I actually have tanks I can get media from but I thought even with a boost that a large tank like that would still take quite awhile.


----------



## robinc (Jul 15, 2014)

FishFlow said:


> Have you given any thought yet to what kinda planted tank you wish to do? Substrate type, co2 or not. Fertilizers or not.


I have a 30 a 20 and two 10s that I'm playing with. I have plants in all of them and I've tried different substrate. I tried sand and wasn't crazy about it. The plants were always coming loose. I've got black gravel in all my tanks. I put clay in the bottom of one under the gravel to see how the plants liked it. I'm just going to continue trying different things so hopefully it won't be so hard to make those decisions when the time comes.


----------



## big b (Jun 28, 2014)

robinc said:


> I actually have tanks I can get media from but I thought even with a boost that a large tank like that would still take quite awhile.

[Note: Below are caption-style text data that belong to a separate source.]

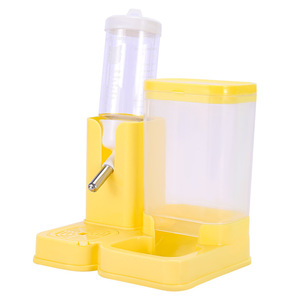 2 In 1 Hamster Feeder Water Bottle With Food <b>Container</b> Cheese Yellow Durable For <b>Small</b> Pets - Product Image 1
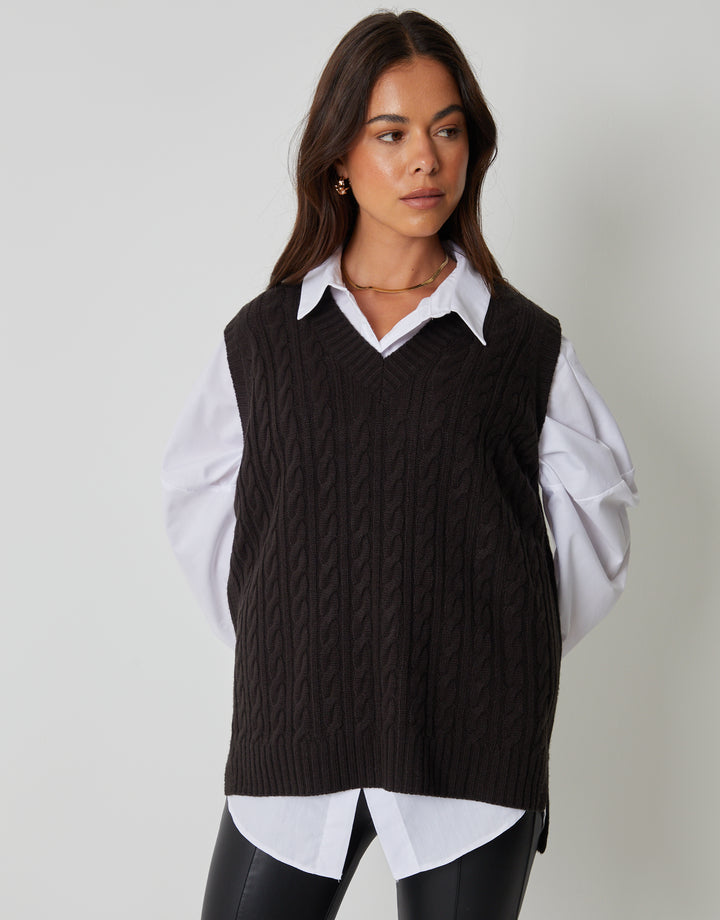 Black Cable Knit Vest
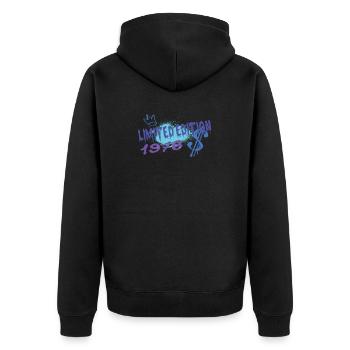 Limited Edition 1978 Geburtstag 1978 Geboren - Unisex Premium Bio Zip Hoodie - Schwarz - Hinten - Nico (187cm)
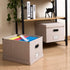 PRANDOM File Organizer Box - 1 Set of Collapsible Decorative Linen Storage with Lids for Letter/Legal Size, Light Grey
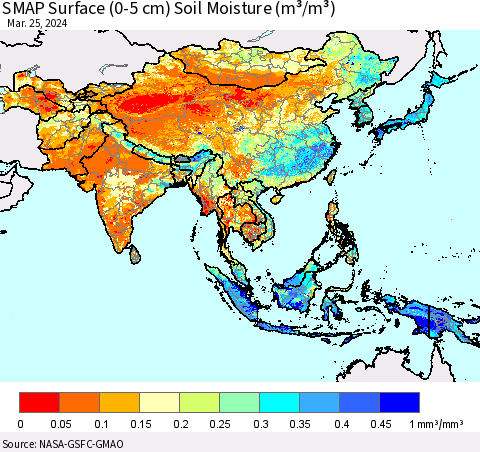 Asia SMAP Surface (0-5 cm) Soil Moisture (m³/m³) Thematic Map For 3/21/2024 - 3/25/2024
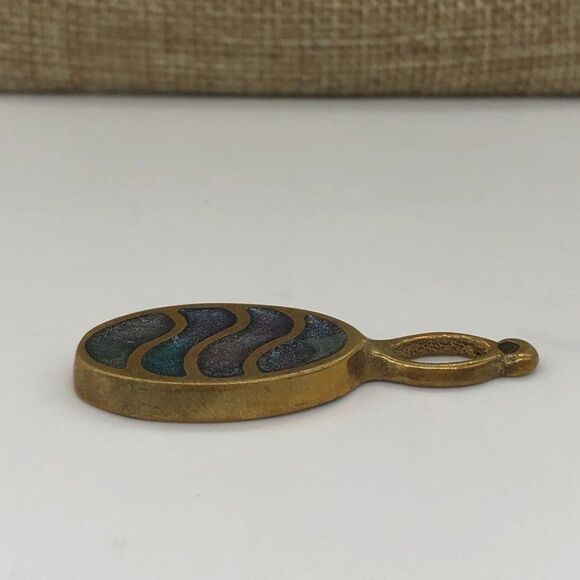 Vintage Handcrafted Bronze Pendant Painted Unique Heavy Blue Waves - Picture 8 of 9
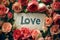 the word love spelled with wooden letters surrounded by red roses on a green background with leaves and flowers around it
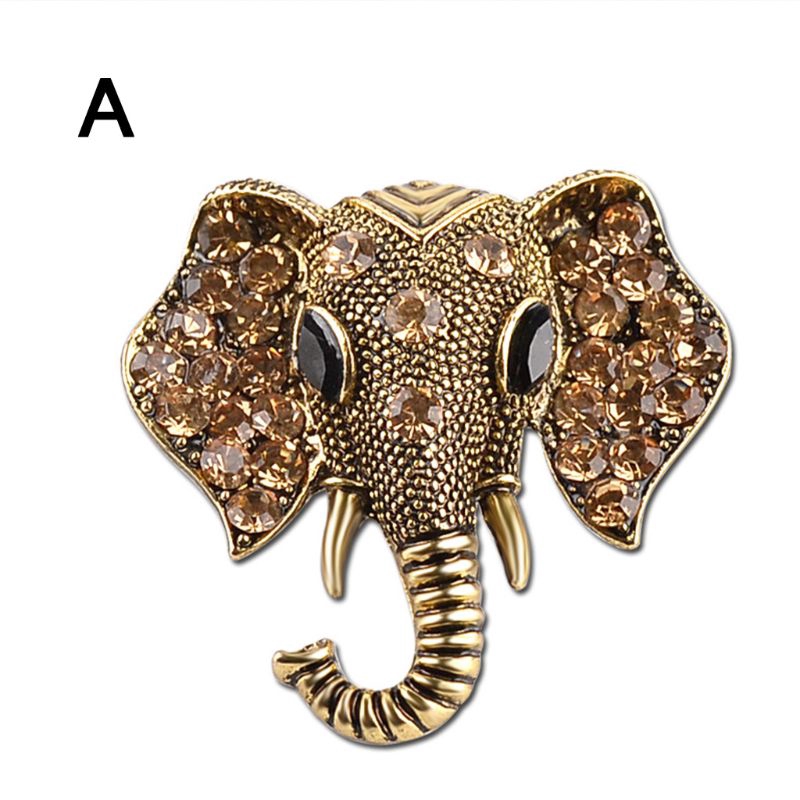 Trâm Cài Áo Hình Chú Voi Đính Đá Sang Trọng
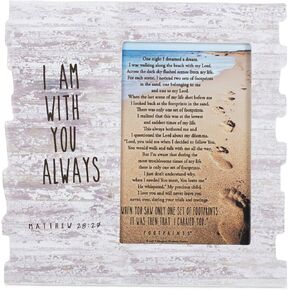 Dicksons I Am with You Footprints Wood 8 x 8 Photo Frame Plaque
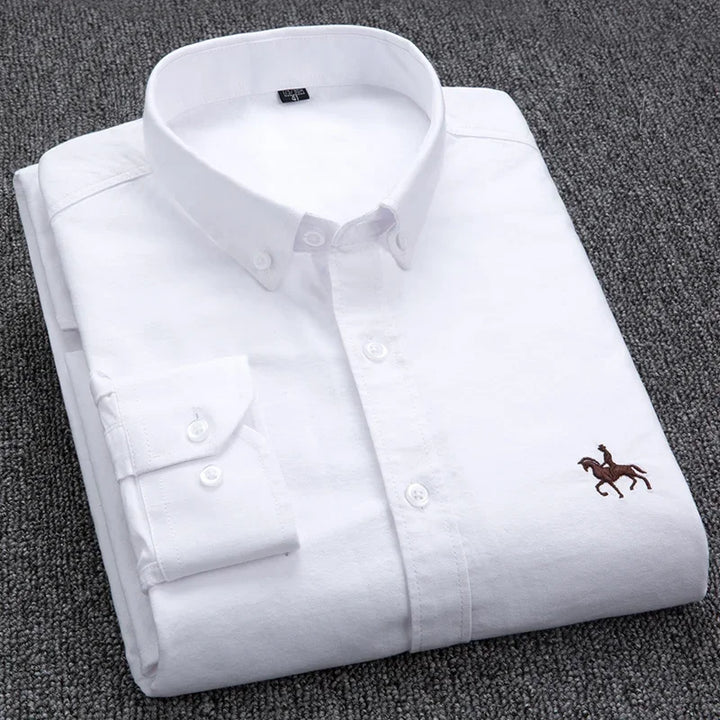 Camisa Masculina Oxford Manga Longa - Vestia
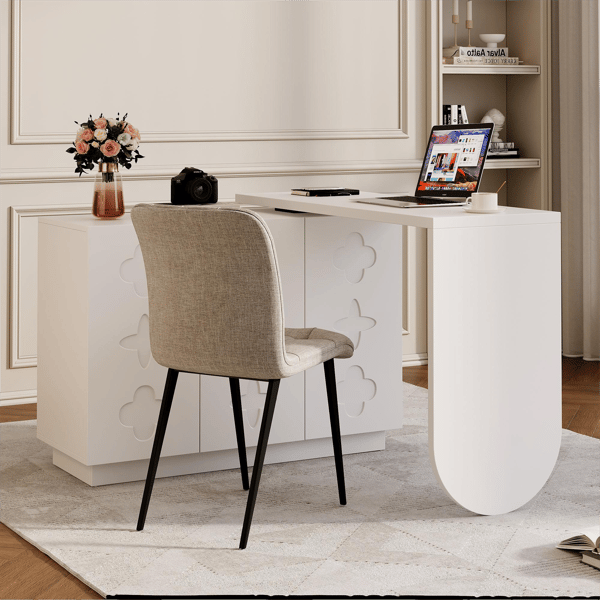 SONNENH Skrivbordsswivel L Shape Corner Computer Desk Office Table Dressing Table White 110cm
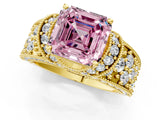 Yellow gold Fancy Pink Asscher  Halo Pave Diamond Engagement Ring with Milgrain Detailing_48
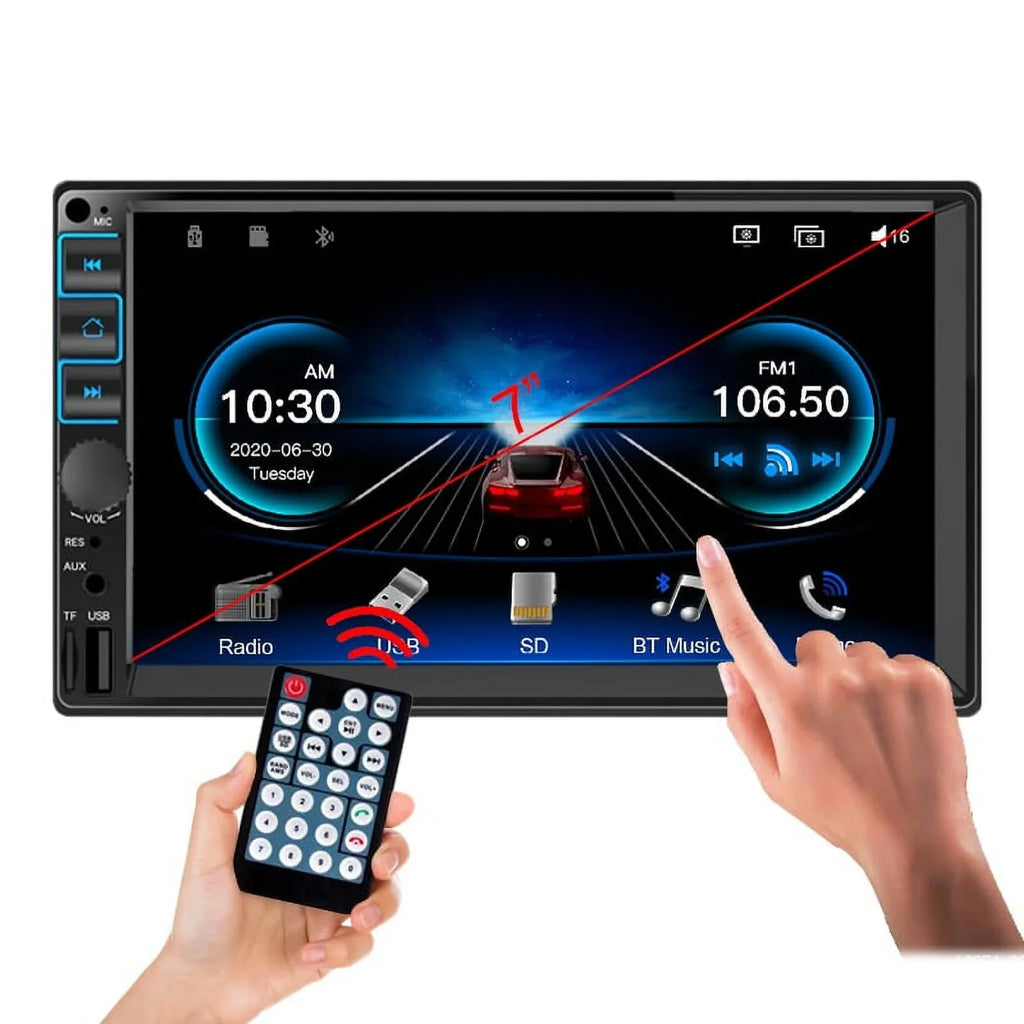 Stereo Link, Touch Car Radio Screen Microphone, , 2 Android Support Display, Bluetooth, Mirror 7'' GPS, Auto Receiver Carplay Din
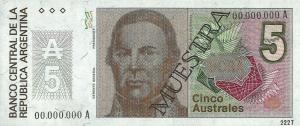 p324s from Argentina: 5 Australes from 1986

Well a tank takes about a month to cycle if done right, sometimes a bit more and sometimes a bit less. You can decrease that time a lot if you do get some already seeded media. So do you have a LFS? If so, then you can take some of your media and some of their media to make it speed up even more then it would do if you used only your media.


----------



## robinc (Jul 15, 2014)

big b said:


> Well a tank takes about a month to cycle if done right, sometimes a bit more and sometimes a bit less. You can decrease that time a lot if you do get some already seeded media. So do you have a LFS? If so, then you can take some of your media and some of their media to make it speed up even more then it would do if you used only your media.


Yes, I do have a LFS so that is an option.


----------



## FishFlow (Sep 13, 2011)

Fishless cycle. Documented here. 10 days if done correctly.


----------



## Summer (Oct 3, 2011)

If you have good seeded media you can have it cycled within a day basically.


----------



## robinc (Jul 15, 2014)

Summer said:


> If you have good seeded media you can have it cycled within a day basically.


even if the tank is 75 to 90 gallons? huh. I'd of thought it would take longer even with seeded medium.


----------



## Summer (Oct 3, 2011)

well it depends where the media is from and how large the bioload is


----------



## jccaclimber2 (May 6, 2012)

robinc said:


> I actually have tanks I can get media from but I thought even with a boost that a large tank like that would still take quite awhile.


Fishless cycling properly scaled takes about the same time on big tanks as it does on small ones. I've done 10 gallon tanks up to a couple hundred gallons and it's always about the same. Faster if you have plants and filter media moving, ie *surfaces *that contain bacteria.



robinc said:


> Yes, I do have a LFS so that is an option.


Most LFS are a breeding ground for disease. I'll skip the QT speech, but I wouldn't take their filter pads.



FishFlow said:


> Fishless cycle. Documented here. 10 days if done correctly.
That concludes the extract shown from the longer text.